Either that, or some now-ex employee hacked in and sabotaged the front page. I'm guessing not.
But in any case, in spite of this and other minor gaffes over time, The Huffington Post managed to keep my interest, keep me coming back and reading, which in the end is all that matters: eyeballs on the page, and all that.
Then in 2011, it was purchased by AOL amidst much fanfare, lining Arianna's pockets prettily and leaving her editor-in-chief. Good for her; I like and admire Arianna Huffington, actually. But I wonder how much editorial control she really has, because in the ensuing two years, the on-line publication bearing her name and reputation has dissolved into little more than a mushy outlet for tabloid fodder.
It has become utterly obsessed with celebrity skin and scandal (the brilliant Jon Stewart was not digging too deep into his brilliance referring to HuffPost as, The Sideboob Gazette), and gotten really skilled (or not so...) at churning out poorly written news stories about things that do not warrant a news story. Attempting to be all things to all readers, it seems to revel in the simplistic, the juvenile, the gossipy, and specialize in asinine photo-ops; a nonstop exhibit of angry babies, happy babies, puppies, kittens and other assorted furry animals, gets copy-and-pasted off Reddit and slapped up on the front page with a screaming headline like, 'This will make your heart EXPLODE!' or 'You'll never GUESS what's got this cute kid so UPSET!', as though since the buyout, HuffPost's staff of 24-year-old interns has been replaced with an army of 12-year-old girls. Most of their headlines are hyperbolic at best, hysterical on a really bad day (think: that 12-year-old girl capitalizing everything or using multiple exclamation points in order to drive her point home), and each and every hollow news story that accompanies them - whether it's someone's glimpse of sideboob, a celebrity feud, or a bad tip some Applebee's waitress received in Punta Gorda, Florida or Kansas City, Missouri last Saturday night - saps the Huffpost's legitimacy in a slow but steady leak.

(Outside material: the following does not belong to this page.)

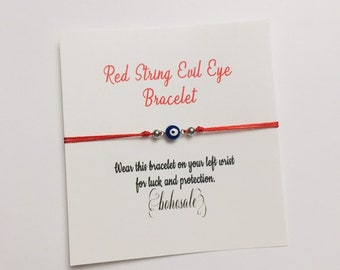 May include: Red string bracelet with a blue evil eye charm. The card reads "Red String Evil Eye Bracelet. Wear this bracelet on your left wrist for luck and protection.  #bohosale"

Can a HuffPost 'Page 3 Girl' be far off?
Well, probably not, actually; there'd be no point. Every day there's two or three girls on Page 1 - a slew of bikini clad celebrities, either a paparazzi long shot on a beach somewhere or a Tweeted selfie, taking up precious front page real estate, in either case The Huffington Post declaring their bikini bods 'STUNNING!' or 'MIND BLOWING!'
Do I think there's anything wrong with bikini girls? Absolutely not. Or puppies and kittens for that matter, or any 'lighter side' news. Sometimes we need the lighter side. Sometimes the lighter side is all that enables us to keep plugging on. But again, 'sideboob' isn't any kind of news at all, not worth anyone's time or effort - to write or read about. Trolling Reddit does not qualify as news compiling, and is certainly not worthy of The Huffington Post's original editorial intent.
The fact that it has felt a need to pander shamelessly to short attention spans, puerile interests and pop culture, and/or attempt to give that mess equal time with the legitimate news stories it follows, or its contributors still trying to make their worthy points heard, is definitely a reason to seek out a nebulous life.